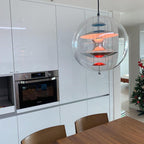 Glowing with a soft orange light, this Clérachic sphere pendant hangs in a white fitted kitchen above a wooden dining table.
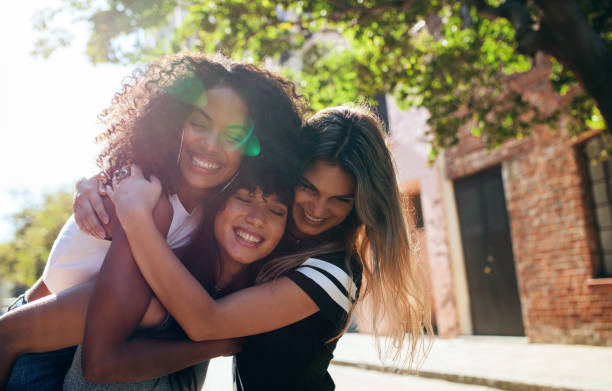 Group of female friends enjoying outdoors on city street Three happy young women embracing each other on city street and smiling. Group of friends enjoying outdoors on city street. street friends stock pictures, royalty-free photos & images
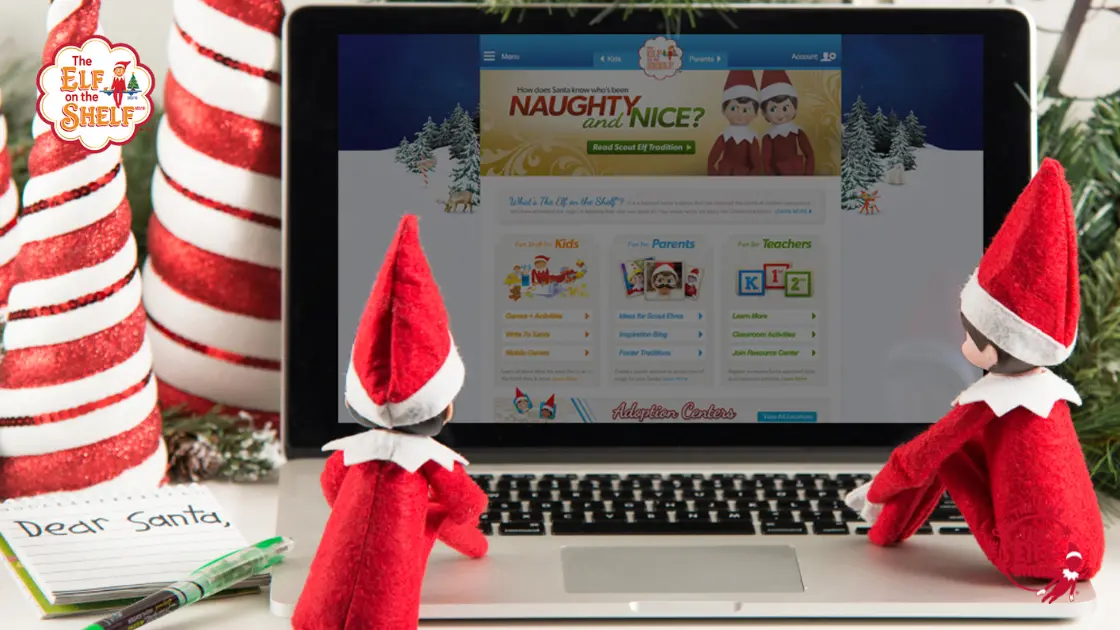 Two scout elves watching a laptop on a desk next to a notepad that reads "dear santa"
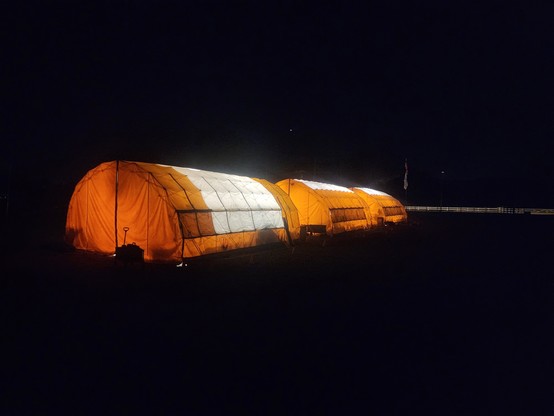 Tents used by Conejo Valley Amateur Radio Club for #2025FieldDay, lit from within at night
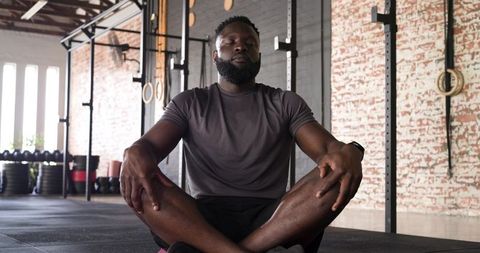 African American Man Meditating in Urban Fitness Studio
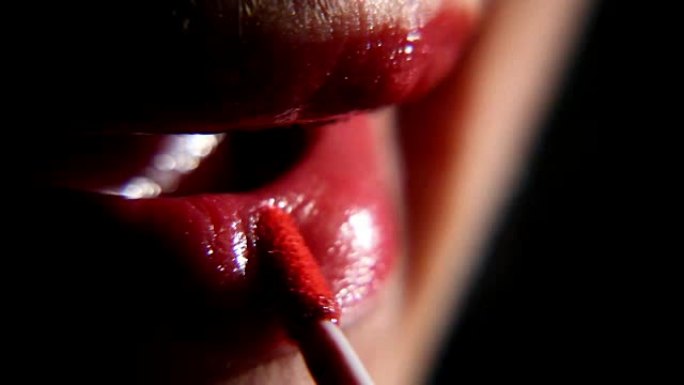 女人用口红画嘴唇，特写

***

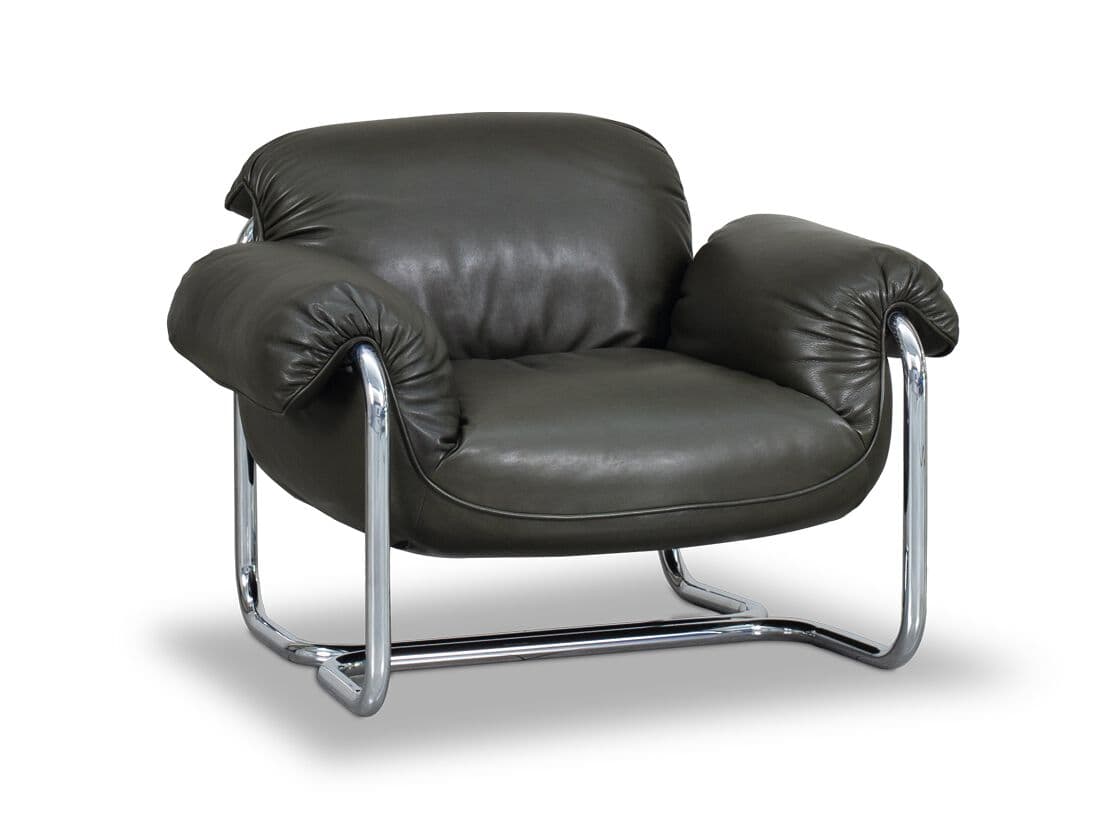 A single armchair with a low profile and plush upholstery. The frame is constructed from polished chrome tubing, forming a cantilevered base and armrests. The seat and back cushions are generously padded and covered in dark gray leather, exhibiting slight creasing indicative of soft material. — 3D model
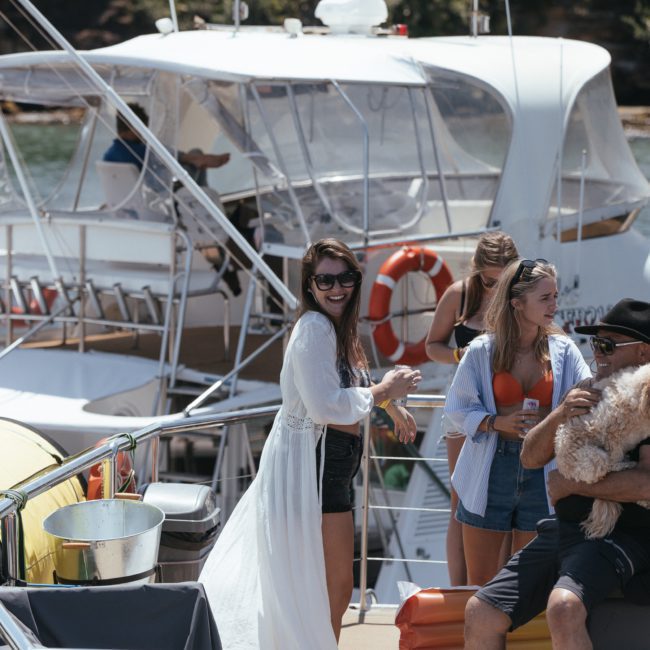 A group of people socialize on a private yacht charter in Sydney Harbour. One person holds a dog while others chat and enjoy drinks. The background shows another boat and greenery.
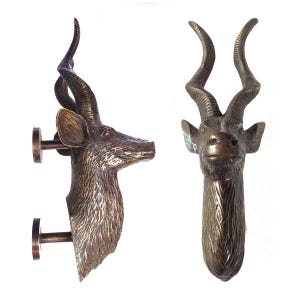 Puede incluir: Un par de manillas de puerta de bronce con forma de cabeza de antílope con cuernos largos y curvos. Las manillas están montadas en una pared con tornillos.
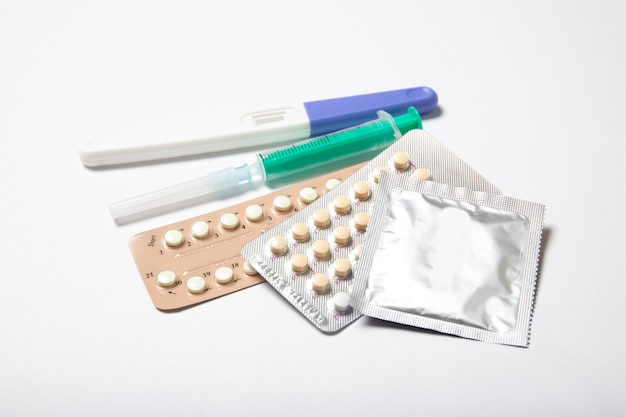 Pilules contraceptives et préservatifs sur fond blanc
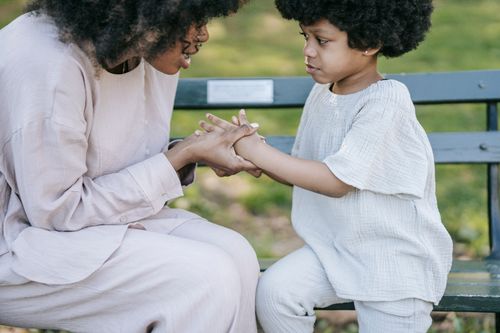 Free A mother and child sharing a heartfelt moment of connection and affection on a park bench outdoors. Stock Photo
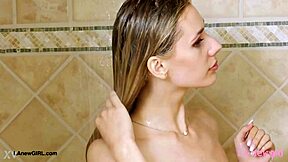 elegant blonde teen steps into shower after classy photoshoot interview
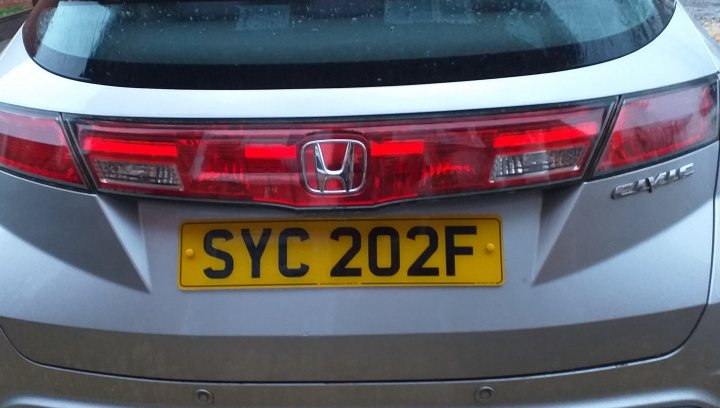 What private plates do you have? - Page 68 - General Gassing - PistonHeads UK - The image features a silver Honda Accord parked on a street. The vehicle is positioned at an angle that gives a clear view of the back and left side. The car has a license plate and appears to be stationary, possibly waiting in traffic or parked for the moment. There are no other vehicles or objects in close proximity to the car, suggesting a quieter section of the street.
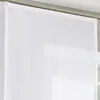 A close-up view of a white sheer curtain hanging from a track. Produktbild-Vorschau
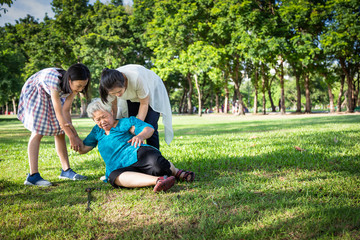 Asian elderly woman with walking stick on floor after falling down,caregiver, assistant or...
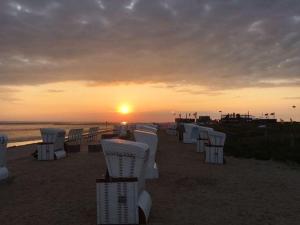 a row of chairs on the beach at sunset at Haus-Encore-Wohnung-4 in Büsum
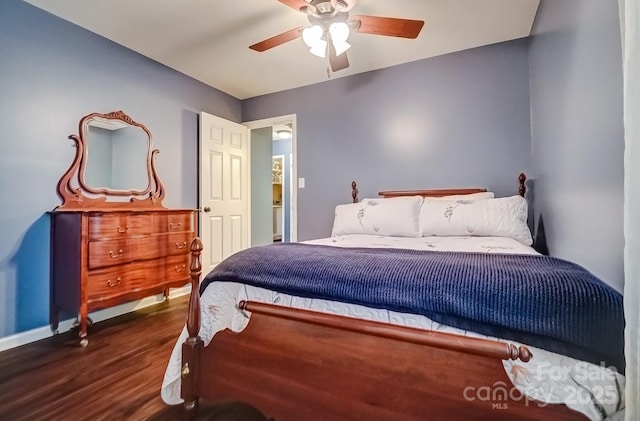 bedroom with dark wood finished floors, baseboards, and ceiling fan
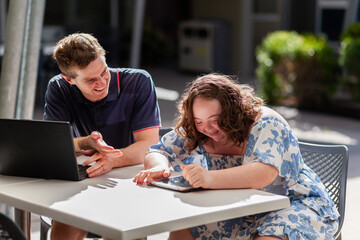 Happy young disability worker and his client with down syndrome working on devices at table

***

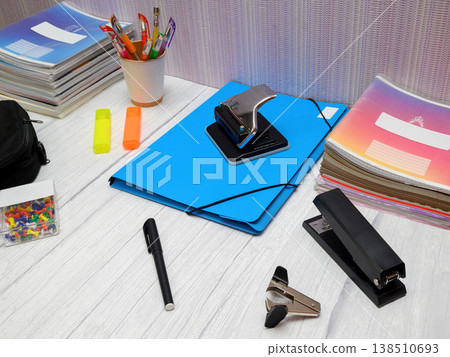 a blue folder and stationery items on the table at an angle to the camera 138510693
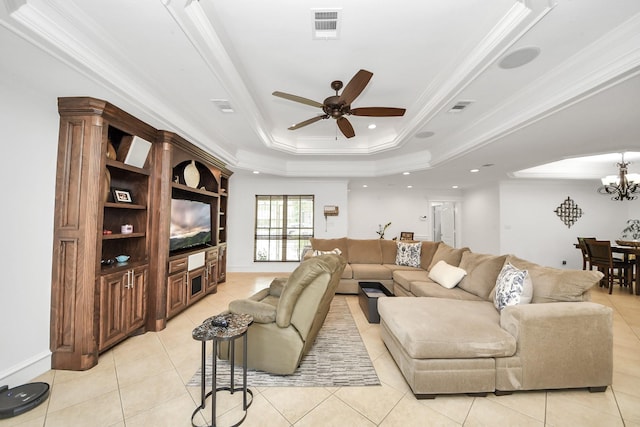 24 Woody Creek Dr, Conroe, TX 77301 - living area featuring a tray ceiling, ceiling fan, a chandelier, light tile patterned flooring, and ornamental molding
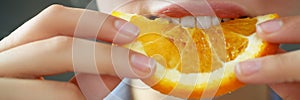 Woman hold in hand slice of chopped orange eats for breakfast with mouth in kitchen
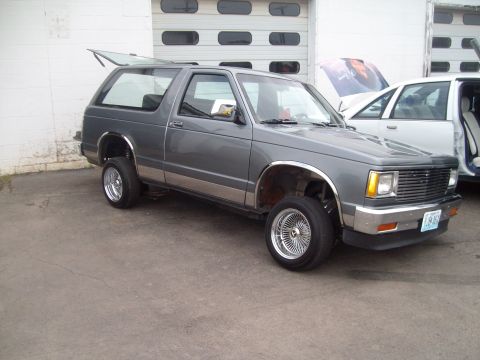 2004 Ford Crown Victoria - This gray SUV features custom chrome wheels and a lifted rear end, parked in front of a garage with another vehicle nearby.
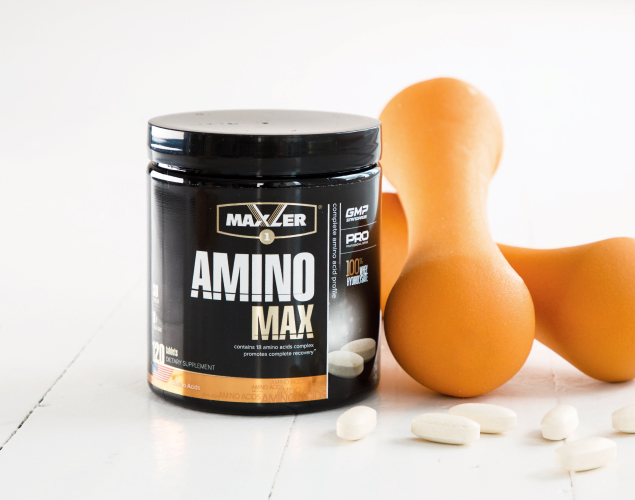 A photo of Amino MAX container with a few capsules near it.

***

From the records above, transcribe only the stretch from the line with "Group of female" through the line with "Two scout elves", keeping both ends. Omit pictures.

# EXPECTED ANSWER
 Group of female friends enjoying outdoors on city street Three happy young women embracing each other on city street and smiling. Group of friends enjoying outdoors on city street. street friends stock pictures, royalty-free photos & images
 Two scout elves watching a laptop on a desk next to a notepad that reads "dear santa"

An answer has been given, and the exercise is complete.